Problem statement ▸ Leave the pictures out and write out the rest of the listing word for word.

Entries supplied ▸

● ● ● ●

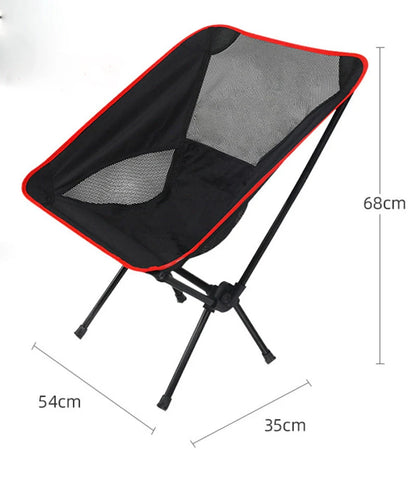Ultralight outdoor folding camping chair in grey, blue, or red, with carry bag
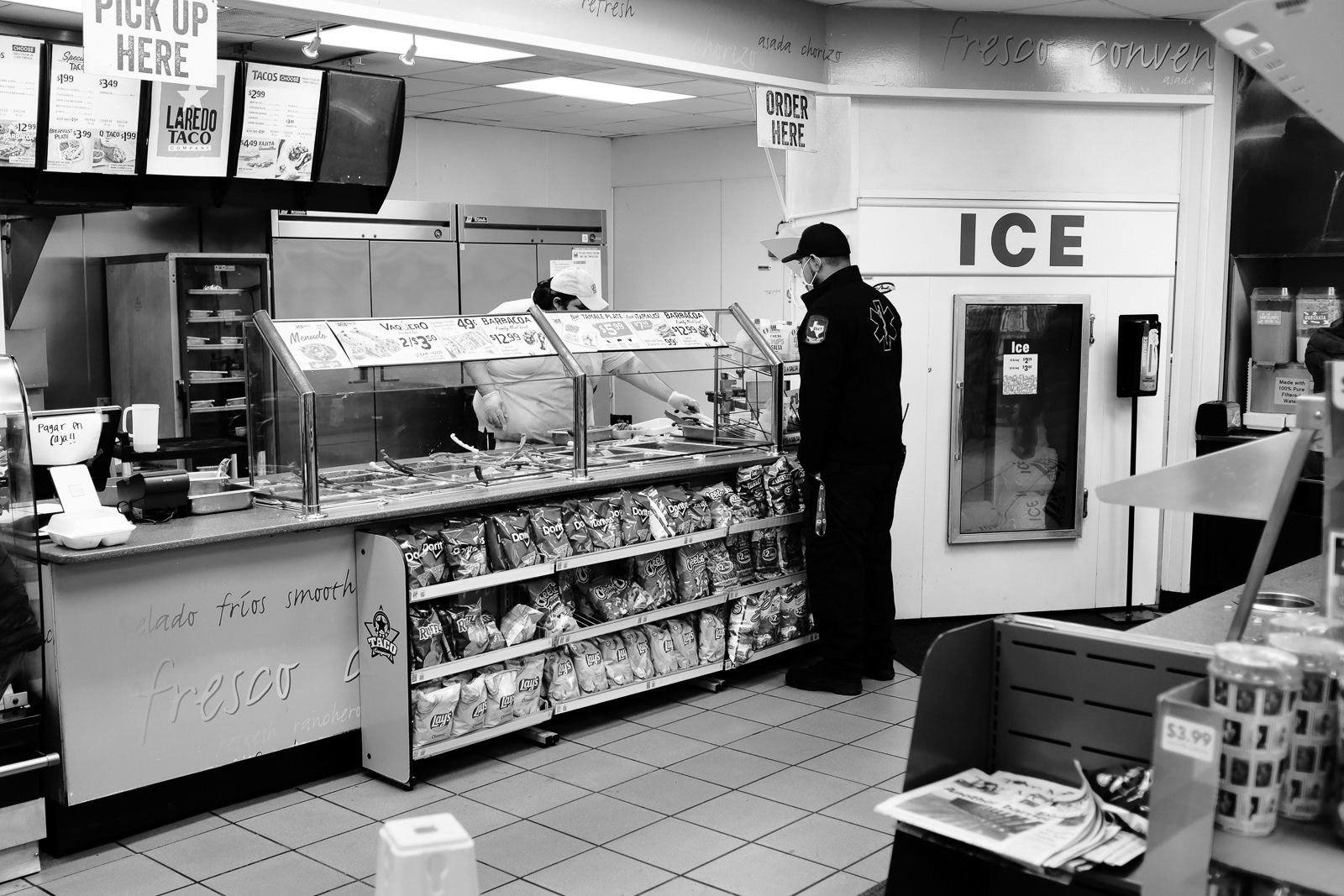 Some bring food to work and others buy food when they get chance. It’s at a risk of being interrupted by an emergency. There’s no official lunch breaks in EMS.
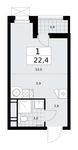 Планировка  1-комнатной квартиры, 22,4 м2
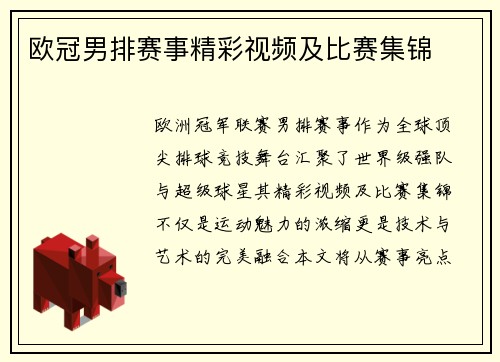 欧冠男排赛事精彩视频及比赛集锦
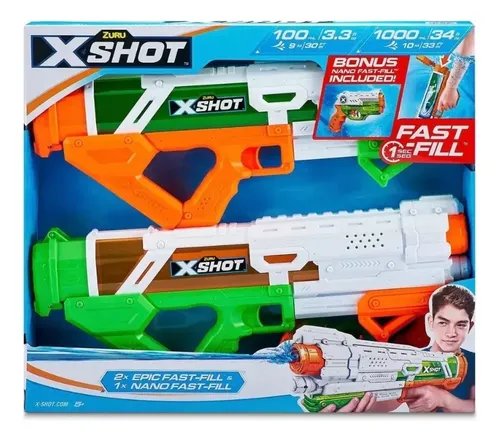 Pistola De Agua X-Shot Fast Fill Large + 2 Micro Blásters – Recarga En 1 Segundo, Alcance De 10 Metros Y Depósito De 1000 Ml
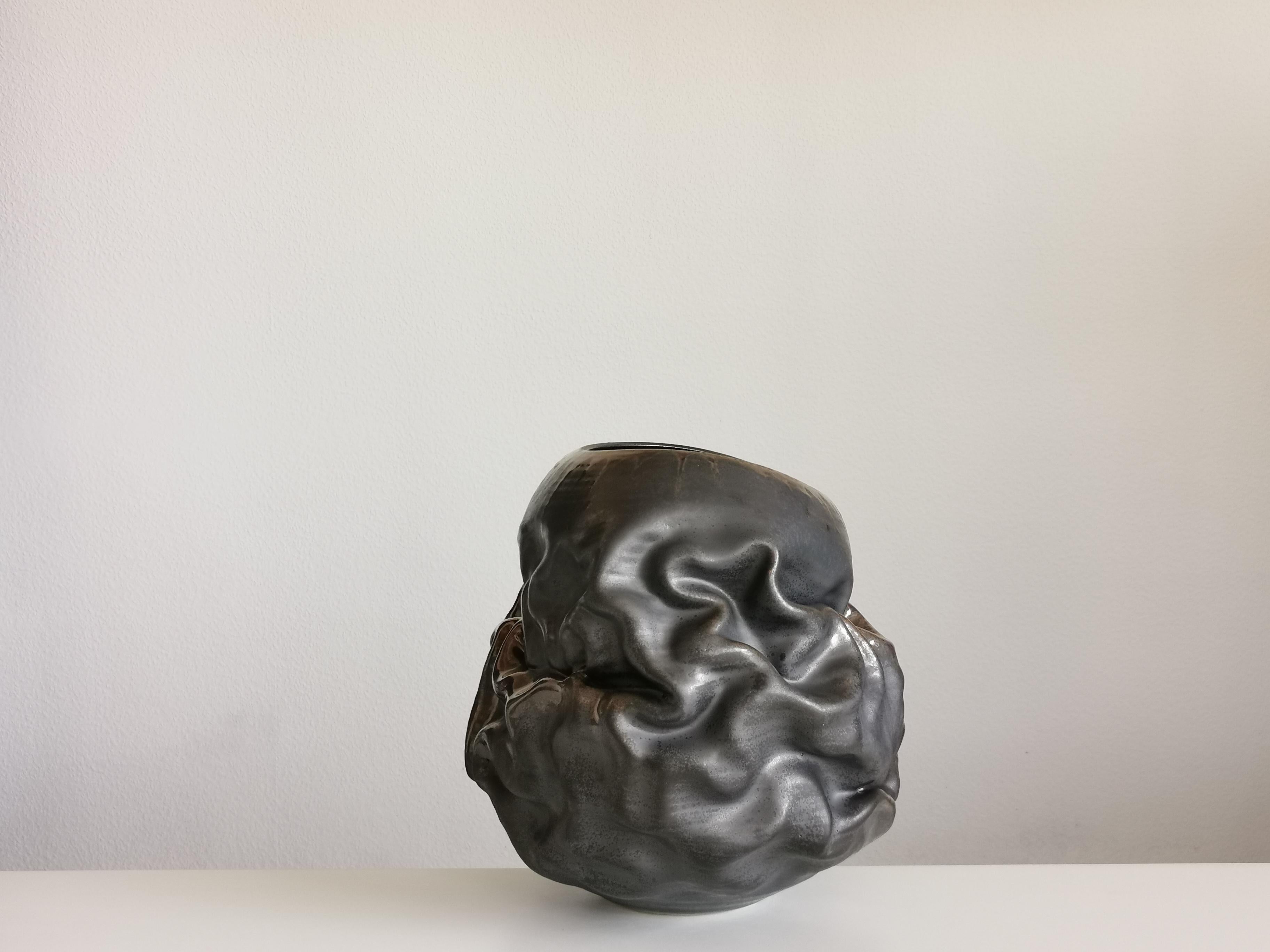 Spanish Black Metallic Oval Dehydrated Form, Vase, Interior Sculpture or Vessel, Objet D For Sale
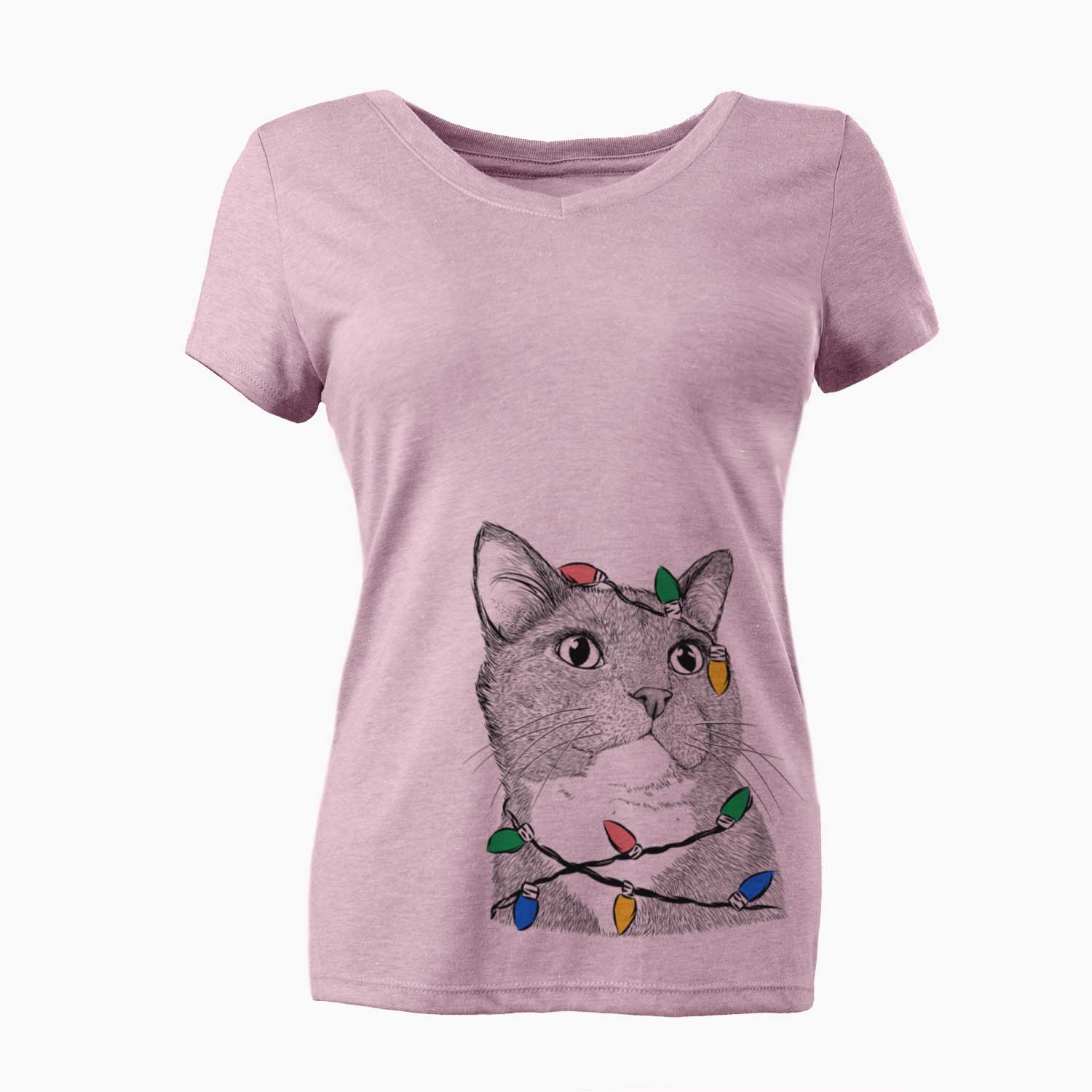 Christmas Lights Gizmo the Grey Cat - Women's V-neck Shirt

● ● ● ●

Answer to the exercise ▸
Ultralight outdoor folding camping chair in grey, blue, or red, with carry bag
 Some bring food to work and others buy food when they get chance. It’s at a risk of being interrupted by an emergency. There’s no official lunch breaks in EMS.
 Планировка  1-комнатной квартиры, 22,4 м2
 欧冠男排赛事精彩视频及比赛集锦
 Pistola De Agua X-Shot Fast Fill Large + 2 Micro Blásters – Recarga En 1 Segundo, Alcance De 10 Metros Y Depósito De 1000 Ml
 Spanish Black Metallic Oval Dehydrated Form, Vase, Interior Sculpture or Vessel, Objet D For Sale
 Christmas Lights Gizmo the Grey Cat - Women's V-neck Shirt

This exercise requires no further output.